Soft coral, table coral, staghorn, brain coral, fire coral, and gorgonian fans build the reef structure.

Anthias, butterflyfish, angelfish, parrotfish, surgeonfish, triggerfish, wrasse, groupers, and fusiliers.

Green turtles feed over seagrass and hawksbills pick through coral-rich reef slopes.

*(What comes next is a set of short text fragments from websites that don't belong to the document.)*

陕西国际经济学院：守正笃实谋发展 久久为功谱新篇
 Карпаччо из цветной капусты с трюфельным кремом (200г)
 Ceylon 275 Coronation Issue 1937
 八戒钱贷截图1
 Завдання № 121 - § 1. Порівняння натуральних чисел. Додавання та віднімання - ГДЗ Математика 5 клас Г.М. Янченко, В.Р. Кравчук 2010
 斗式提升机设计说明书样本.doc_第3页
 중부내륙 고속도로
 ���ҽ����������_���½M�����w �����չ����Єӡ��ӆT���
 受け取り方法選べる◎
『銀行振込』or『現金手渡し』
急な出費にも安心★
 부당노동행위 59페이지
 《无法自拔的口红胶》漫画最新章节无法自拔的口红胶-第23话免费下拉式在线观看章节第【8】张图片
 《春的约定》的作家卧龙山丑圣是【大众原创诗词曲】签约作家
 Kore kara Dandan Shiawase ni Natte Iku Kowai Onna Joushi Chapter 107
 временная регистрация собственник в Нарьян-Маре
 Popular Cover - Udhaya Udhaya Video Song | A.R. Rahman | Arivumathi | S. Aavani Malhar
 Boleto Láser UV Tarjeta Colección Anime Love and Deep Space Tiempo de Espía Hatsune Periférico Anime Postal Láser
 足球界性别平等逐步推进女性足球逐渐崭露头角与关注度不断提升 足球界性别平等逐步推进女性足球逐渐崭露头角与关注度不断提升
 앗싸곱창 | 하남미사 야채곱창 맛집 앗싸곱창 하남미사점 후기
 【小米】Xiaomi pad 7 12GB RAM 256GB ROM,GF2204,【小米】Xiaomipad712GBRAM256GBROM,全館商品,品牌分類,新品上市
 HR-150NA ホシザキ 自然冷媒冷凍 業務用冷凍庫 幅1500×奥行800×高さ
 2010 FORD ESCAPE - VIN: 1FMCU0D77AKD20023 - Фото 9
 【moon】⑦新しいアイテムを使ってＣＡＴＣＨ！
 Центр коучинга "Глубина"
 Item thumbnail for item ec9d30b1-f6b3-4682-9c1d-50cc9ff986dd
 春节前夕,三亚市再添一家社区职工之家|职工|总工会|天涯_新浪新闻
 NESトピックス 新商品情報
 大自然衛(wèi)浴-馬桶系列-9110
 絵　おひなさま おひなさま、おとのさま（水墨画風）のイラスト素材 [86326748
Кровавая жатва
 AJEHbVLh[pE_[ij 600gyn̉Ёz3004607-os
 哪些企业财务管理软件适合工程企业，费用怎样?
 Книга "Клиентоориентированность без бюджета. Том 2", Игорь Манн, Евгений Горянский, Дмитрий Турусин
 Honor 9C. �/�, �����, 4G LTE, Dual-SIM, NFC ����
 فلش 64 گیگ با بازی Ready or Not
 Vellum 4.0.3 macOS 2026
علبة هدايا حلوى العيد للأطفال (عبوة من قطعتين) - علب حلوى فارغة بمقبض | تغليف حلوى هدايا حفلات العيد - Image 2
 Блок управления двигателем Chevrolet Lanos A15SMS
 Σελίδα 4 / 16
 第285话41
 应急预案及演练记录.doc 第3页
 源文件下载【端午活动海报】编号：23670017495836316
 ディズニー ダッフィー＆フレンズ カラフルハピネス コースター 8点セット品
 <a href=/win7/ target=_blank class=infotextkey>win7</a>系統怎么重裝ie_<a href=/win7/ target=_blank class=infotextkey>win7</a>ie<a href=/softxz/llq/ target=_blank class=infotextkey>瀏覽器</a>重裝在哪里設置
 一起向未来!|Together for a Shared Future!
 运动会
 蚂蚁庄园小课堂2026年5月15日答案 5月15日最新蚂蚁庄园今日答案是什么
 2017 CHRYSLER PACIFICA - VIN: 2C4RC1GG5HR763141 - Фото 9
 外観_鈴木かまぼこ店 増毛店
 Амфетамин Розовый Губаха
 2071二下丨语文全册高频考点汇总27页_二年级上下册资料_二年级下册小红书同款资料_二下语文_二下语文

Crocodilefish, nudibranchs, shrimps, octopus, cuttlefish, scorpionfish, and hidden reef residents.
Best reef dive sites
Marsa Assalaya is one of the easiest and most useful shore dives close to Marsa Alam town. The site sits around 8 km north of the marina and is entered directly from a wide sandy bay, so there is no boat timing, no current stress, and no long surface swim. Two reef arms frame a shallow lagoon before the profile gently drops over hard coral gardens, making it excellent for first dives after travel, Open Water training, buoyancy practice, and relaxed photographers who want time with reef fish instead of depth. The main value here is comfort: simple logistics, calm water, a forgiving sandy bottom for briefings and skills, and enough coral life on both sides to keep certified divers interested for two easy dives.
A wide sheltered bay 11 km north of Marsa Alam, fronted by seagrass meadows and a healthy fringing reef on both arms. Green turtles browse the seagrass year-round; dugong sightings are seasonal but possible (typically Oct–Apr). The east arm is the more interesting dive, with crocodilefish hidden on the sand and small caves at 18–22 m. Calm conditions and easy walk-in entry make Marsa Egla one of the best near-town training sites that still rewards experienced divers with quality marine life.
A peaceful shore site 30 km north of Marsa Alam offering a healthy coral garden, an easy walk-in entry, and the kind of calm conditions that make Marsa Alam famous. Excellent for training dives, refreshers, and chilled-out photography days.
A protected lagoon-bay 10 km south of Marsa Alam with rich coral cover, seagrass beds, and reliable turtle sightings. One of the best photo spots on the south coast.
A horseshoe-shaped reef 9 km offshore where a resident pod of ~60–80 spinner dolphins rests during the day. Access is regulated by HEPCA under a three-zone system — Zone A is closed (dolphin sanctuary), Zone B is restricted snorkeling with a permit, and Zone C is the outer reef where divers explore three classic dive sites: the South-West Pinnacles, the South-East Pinnacles, and the Caves. Permits cap daily visitors and boat numbers.
A horseshoe-shaped offshore reef just 3 km out of Marsa Alam harbour — the closest blue-water dive to town. The lagoon side hosts a sandy plateau with garden eels and stingrays at 8–14 m, while the outer wall drops to 30 m+ and carries a string of small pinnacles where reef sharks and Napoleon wrasse cruise. Green turtles browse the inner reef. A versatile site we use as a half-day boat option or paired with Sha'ab Abu Sail for a two-tank morning.
The icon of Marsa Alam diving. A long, narrow plateau (around 300 m by 30 m) running roughly north–south in open water 30 km north of Marsa Alam town and 12 km off the coast. The plateau tops out at 5–8 m and drops away on both sides as sheer walls; the southern tip plunges into the famous arch at 55–80 m. Soft-coral curtains, schooling fusiliers, and the Red Sea's most reliable shark action — oceanic whitetips in late autumn, hammerheads in summer.
The southernmost reef in the Fury Shoals complex and the largest spinner-dolphin sanctuary in the Egyptian Red Sea. Sataya is a crescent-shaped barrier reef enclosing a 4 km lagoon where pods of 100–200 spinner dolphins rest during the day before heading offshore at night to hunt. The reef itself drops to 30 m+ on its outer wall and shelters multiple coral pinnacles, soft-coral overhangs, and a healthy hard-coral plateau. Day-trip access is long (a 2–2.5 h crossing each way from Hamata harbour); most operators run it as a one- or two-night safari from a fast boat.